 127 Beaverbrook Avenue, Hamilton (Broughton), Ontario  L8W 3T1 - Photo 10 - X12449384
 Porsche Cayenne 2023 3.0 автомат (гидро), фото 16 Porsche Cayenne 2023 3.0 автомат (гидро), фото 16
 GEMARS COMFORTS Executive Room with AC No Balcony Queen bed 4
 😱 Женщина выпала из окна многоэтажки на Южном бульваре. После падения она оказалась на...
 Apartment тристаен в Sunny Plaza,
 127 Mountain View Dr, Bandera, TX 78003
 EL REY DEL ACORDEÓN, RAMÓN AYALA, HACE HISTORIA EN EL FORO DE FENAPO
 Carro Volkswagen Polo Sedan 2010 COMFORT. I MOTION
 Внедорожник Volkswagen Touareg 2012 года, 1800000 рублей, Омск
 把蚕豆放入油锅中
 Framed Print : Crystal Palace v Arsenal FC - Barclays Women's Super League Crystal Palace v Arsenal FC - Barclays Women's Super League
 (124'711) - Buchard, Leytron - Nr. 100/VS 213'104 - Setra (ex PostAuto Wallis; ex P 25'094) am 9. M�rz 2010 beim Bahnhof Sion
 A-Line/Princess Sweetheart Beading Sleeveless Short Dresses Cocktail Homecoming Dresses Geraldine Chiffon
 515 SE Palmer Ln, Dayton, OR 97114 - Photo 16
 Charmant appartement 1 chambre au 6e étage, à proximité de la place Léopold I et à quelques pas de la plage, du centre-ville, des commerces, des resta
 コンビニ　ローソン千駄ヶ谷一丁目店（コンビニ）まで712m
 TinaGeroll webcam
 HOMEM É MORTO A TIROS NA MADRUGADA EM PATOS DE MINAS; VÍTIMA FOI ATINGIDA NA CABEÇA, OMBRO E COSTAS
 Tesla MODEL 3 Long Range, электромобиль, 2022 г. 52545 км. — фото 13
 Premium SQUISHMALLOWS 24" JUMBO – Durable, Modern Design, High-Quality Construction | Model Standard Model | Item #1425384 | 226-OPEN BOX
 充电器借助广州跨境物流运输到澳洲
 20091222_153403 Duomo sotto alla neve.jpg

▶ _Task to complete_:
Having found the line with "Framed Print : Crystal", please set it down along with every line after it through the end of the material above, exactly and with nothing added.

▶ _Response below_:
 Framed Print : Crystal Palace v Arsenal FC - Barclays Women's Super League Crystal Palace v Arsenal FC - Barclays Women's Super League
 (124'711) - Buchard, Leytron - Nr. 100/VS 213'104 - Setra (ex PostAuto Wallis; ex P 25'094) am 9. M�rz 2010 beim Bahnhof Sion
 A-Line/Princess Sweetheart Beading Sleeveless Short Dresses Cocktail Homecoming Dresses Geraldine Chiffon
 515 SE Palmer Ln, Dayton, OR 97114 - Photo 16
 Charmant appartement 1 chambre au 6e étage, à proximité de la place Léopold I et à quelques pas de la plage, du centre-ville, des commerces, des resta
 コンビニ　ローソン千駄ヶ谷一丁目店（コンビニ）まで712m
 TinaGeroll webcam
 HOMEM É MORTO A TIROS NA MADRUGADA EM PATOS DE MINAS; VÍTIMA FOI ATINGIDA NA CABEÇA, OMBRO E COSTAS
 Tesla MODEL 3 Long Range, электромобиль, 2022 г. 52545 км. — фото 13
 Premium SQUISHMALLOWS 24" JUMBO – Durable, Modern Design, High-Quality Construction | Model Standard Model | Item #1425384 | 226-OPEN BOX
 充电器借助广州跨境物流运输到澳洲
 20091222_153403 Duomo sotto alla neve.jpg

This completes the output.